In the United States, cryptocurrencies have been the focus of much attention by both federal and state governments, at the federal level, most of the focus has been at the administrative and agency level. State governments on the other side have proposed and/or passed laws affecting cryptocurrencies and blockchain technology, with most of the activity taking place in the legislative branch.
It is quite interesting to note here that there is a stark distinction among states, based on ideologies. The two parties in the US, the Democrats and the Republicans have extreme perspectives on cryptocurrencies and digital assets. The former on the one hand drafts legislation that is considered counterproductive for the expansion of crypto assets in the country. For example, recently, the Biden administration has proposed a 30% excise tax on the cost of powering crypto mining facilities, because of the total energy cost that miners consumed in mining cryptocurrencies. Also, Democrat-ruled states such as California, New York and Hawaii are considered the worst states for crypto assets because of high taxation and regulation.

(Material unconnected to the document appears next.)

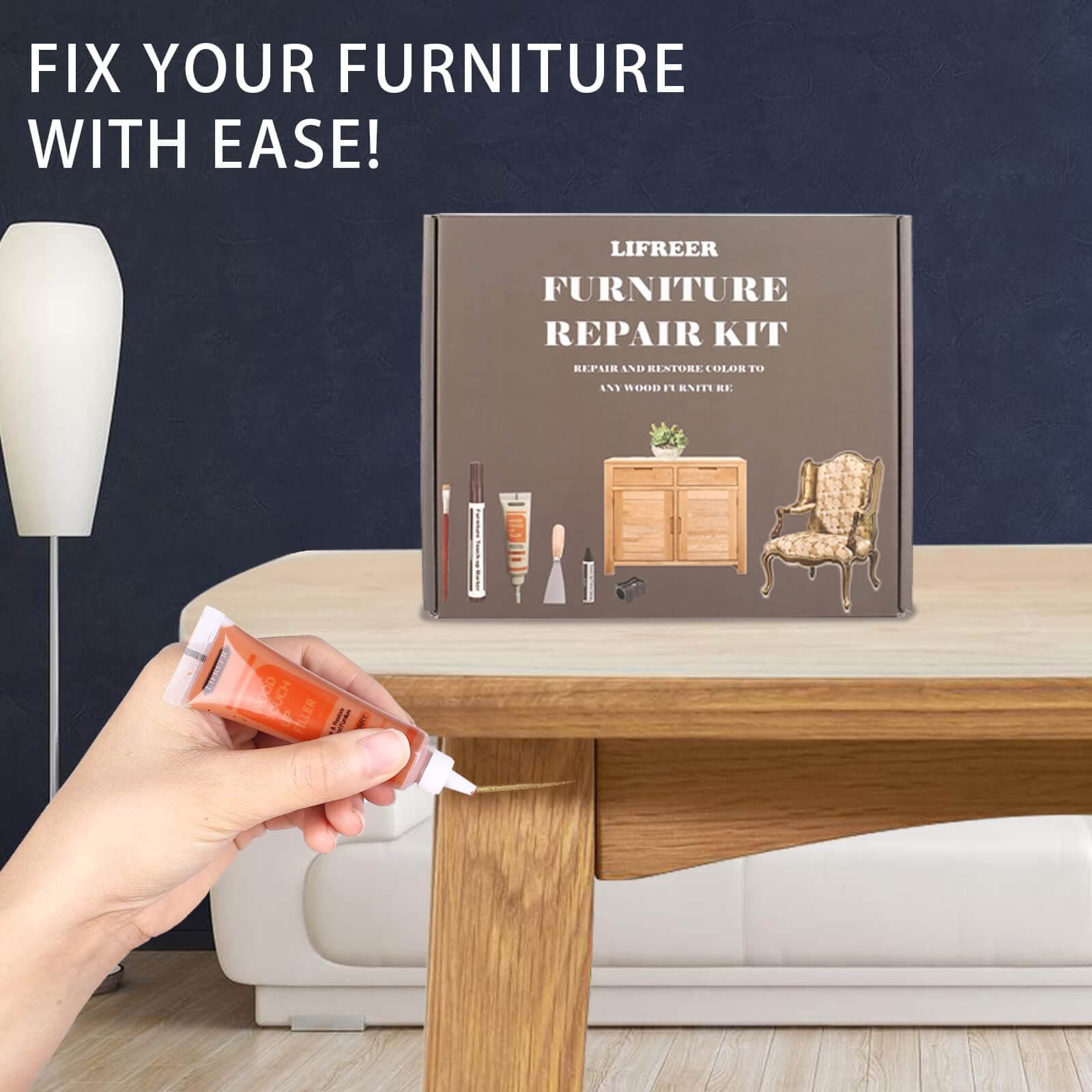 Lifreer Wood Furniture Repair Kit - 40 Pcs Wood Filler, Touch Up Markers with Wax Sticks - for Wood Floors, Stains, Scratches,Tables, Door, Carpenters, Bedposts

States such as Wyoming, Colorado Florida and Arizona ruled by Republicans are considered best for expansion of the crypto assets because of no or minimal taxation policies and easy regulations.
Recently, Montana, a Republican state, has ratified legislation protecting cryptocurrency mining and preventing local governments from prohibiting it. The law reads that digital asset mining provides positive economic value for individuals and companies throughout the United States. It has the potential to stabilize the grid and provide revenue for infrastructure upgrades statewide. It further mentions that the state aims to protect the right of individuals and businesses to mine digital assets and create legal certainty for the digital asset mining industry.
It aims at revising cryptocurrency laws, providing asset mining utility rates, prohibiting local government powers related to digital asset mining, prohibiting taxation on the use of cryptocurrency, using it as a payment method and providing for digital assets as personal property.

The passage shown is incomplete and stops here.